Quakerism: America’s Unreligion

The Star Spangled Quaker
8 min readFeb 24, 2022

Note: This is a lightly-amended repost of an earlier article

A recurring theme in the culture wars is the question of whether or not America should be considered a ‘Christian’ nation.

Quaker Meeting, painting by unknown British artist, late 1700’s, courtesy Museum of Fine Arts, Boston copyright 2016

Missing from these conversations are America’s original evangelists, the Religious Society of Friends, aka the Quakers.

Introducing the Quakers

For many years, starting in colonial times, a group of evangelical not-quite-Christians served as America’s unofficial moral compass. Whereas puritanical New England merchants and genteel Southern plantation owners were ultimately proud of their pragmatism, Quakers dared to dream of a world of truth, justice and freedom. The Quaker organization, the Religious Society of Friends, was a unique, ungovernable para-religious confederation formed expressly to torment the establishment. Quakers advocated, and exercised, freedom of religion and freedom of speech, at a time when both were illegal. Some Quakers lived in self-imposed poverty, while others were stupendously wealthy. William Penn’s Quaker Colony of Pennsylvania was a libertarian ‘holy experiment’ that broke new ground for its guarantees of religious and personal freedoms. Quakers were stubborn, argumentative, pious and annoying, but they were able to influence society in ways that had previously been unthinkable.
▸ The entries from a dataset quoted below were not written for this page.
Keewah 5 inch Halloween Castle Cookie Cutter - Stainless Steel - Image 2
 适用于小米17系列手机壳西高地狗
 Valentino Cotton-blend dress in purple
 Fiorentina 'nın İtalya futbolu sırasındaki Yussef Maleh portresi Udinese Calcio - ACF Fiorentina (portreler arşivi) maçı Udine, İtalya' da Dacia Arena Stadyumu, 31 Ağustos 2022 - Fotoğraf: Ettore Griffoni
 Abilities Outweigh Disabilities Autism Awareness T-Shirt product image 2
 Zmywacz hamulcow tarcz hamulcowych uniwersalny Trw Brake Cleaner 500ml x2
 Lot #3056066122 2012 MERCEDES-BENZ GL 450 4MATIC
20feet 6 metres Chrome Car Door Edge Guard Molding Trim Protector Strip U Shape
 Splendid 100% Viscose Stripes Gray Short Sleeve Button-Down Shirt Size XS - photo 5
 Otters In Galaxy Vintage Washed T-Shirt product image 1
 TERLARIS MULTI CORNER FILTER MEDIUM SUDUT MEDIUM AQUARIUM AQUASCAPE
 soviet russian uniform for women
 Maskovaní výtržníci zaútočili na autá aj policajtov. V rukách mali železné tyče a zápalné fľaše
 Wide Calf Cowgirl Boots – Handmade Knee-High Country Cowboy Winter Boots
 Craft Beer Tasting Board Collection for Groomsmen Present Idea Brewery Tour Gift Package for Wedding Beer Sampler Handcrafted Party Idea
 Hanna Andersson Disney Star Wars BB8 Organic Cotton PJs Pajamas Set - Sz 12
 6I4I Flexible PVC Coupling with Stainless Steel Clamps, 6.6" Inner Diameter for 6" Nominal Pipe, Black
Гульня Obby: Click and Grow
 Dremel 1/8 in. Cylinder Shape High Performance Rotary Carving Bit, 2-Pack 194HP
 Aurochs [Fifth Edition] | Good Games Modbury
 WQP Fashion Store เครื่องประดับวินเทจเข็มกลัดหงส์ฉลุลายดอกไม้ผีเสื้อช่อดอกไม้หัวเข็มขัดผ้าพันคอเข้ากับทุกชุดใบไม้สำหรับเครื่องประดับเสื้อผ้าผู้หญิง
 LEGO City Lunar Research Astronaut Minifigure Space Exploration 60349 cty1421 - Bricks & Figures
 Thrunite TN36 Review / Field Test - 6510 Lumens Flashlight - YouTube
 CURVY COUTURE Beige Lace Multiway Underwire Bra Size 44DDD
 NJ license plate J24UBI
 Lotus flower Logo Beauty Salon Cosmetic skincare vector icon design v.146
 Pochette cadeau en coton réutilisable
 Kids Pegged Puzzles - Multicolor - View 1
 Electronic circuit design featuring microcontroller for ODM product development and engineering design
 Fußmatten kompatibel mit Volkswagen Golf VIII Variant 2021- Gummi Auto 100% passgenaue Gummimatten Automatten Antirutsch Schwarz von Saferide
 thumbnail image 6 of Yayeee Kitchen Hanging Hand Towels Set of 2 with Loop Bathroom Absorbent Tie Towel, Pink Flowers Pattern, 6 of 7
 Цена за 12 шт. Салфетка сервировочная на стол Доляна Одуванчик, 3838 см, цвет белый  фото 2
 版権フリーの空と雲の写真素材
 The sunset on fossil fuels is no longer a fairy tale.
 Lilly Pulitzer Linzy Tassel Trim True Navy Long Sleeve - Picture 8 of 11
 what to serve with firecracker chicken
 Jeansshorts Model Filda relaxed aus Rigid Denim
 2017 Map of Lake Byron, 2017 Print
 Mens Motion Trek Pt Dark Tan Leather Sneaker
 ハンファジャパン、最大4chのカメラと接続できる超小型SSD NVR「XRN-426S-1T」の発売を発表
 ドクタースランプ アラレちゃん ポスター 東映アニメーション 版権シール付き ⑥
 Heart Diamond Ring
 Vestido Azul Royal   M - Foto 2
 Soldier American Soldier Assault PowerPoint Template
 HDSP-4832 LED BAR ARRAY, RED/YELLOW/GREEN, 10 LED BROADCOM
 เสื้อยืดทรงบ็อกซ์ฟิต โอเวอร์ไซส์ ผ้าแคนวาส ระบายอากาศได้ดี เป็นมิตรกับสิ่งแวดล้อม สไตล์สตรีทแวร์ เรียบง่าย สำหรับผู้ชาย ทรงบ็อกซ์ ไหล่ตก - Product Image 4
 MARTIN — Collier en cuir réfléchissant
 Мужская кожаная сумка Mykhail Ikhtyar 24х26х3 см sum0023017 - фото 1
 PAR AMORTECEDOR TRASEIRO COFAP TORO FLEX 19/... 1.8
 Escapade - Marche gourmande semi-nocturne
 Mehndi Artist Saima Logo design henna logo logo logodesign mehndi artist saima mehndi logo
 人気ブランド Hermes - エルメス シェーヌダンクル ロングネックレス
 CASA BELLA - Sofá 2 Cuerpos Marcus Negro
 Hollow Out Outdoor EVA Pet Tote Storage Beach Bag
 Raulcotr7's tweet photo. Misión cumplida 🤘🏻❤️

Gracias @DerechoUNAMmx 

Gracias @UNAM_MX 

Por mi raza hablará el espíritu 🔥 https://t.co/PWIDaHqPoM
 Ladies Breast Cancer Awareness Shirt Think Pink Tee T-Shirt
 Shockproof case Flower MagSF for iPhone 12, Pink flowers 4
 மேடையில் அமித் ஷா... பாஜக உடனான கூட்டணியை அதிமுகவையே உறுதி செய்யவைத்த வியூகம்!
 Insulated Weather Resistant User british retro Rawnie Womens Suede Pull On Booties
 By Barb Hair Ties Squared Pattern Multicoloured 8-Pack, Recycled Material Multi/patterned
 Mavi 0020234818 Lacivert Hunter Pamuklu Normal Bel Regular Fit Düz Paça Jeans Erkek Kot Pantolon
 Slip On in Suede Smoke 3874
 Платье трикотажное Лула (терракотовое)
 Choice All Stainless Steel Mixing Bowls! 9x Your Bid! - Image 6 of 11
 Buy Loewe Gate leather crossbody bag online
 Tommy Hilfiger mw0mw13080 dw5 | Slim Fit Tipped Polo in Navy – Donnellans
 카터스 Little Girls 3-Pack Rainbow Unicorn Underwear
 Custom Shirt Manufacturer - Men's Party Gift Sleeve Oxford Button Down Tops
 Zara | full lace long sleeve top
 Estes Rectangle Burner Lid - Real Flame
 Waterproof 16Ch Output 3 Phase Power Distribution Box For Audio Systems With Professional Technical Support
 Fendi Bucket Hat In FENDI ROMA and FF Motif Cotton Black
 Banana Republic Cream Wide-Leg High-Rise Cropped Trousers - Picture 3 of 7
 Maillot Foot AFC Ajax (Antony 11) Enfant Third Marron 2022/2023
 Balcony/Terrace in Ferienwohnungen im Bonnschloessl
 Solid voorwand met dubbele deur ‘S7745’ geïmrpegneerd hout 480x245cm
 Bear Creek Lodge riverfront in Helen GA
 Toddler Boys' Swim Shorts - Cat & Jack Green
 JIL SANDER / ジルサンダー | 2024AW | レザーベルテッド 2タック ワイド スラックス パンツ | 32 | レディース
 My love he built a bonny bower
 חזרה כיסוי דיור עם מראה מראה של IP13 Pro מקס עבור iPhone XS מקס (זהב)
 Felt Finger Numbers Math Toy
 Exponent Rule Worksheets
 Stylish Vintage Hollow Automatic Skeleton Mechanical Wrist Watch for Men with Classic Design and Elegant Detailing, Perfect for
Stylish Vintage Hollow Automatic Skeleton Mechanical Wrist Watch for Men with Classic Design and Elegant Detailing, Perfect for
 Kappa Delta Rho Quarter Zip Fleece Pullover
Today, Quakerism is too close to religion to be taught in schools, and too close to apostacy to be taught in churches. Thus, Americans today have only the vaguest notions of how Quaker ideas about personal freedom shaped America and became embedded in the Constitution.

Quakerism as a political protest

The Quaker movement emerged in England following years of civil war among Puritans, Anglicans and Catholics. Protestors across England walked out of state-sanctioned religious services and formed an organization, the Religious Society of Friends, whose members became known as Quakers, or simply ‘Friends’. As its name suggests, the Religious Society of Friends was not technically a church. Neither the Society of Friends nor its leaders would publicly state exactly what its members believed, nor did the Society of Friends tell its members what they should believe. Like the Zen concept of one hand clapping, the Quakers had established a religion with no articles of faith: a ‘creedless’ religion.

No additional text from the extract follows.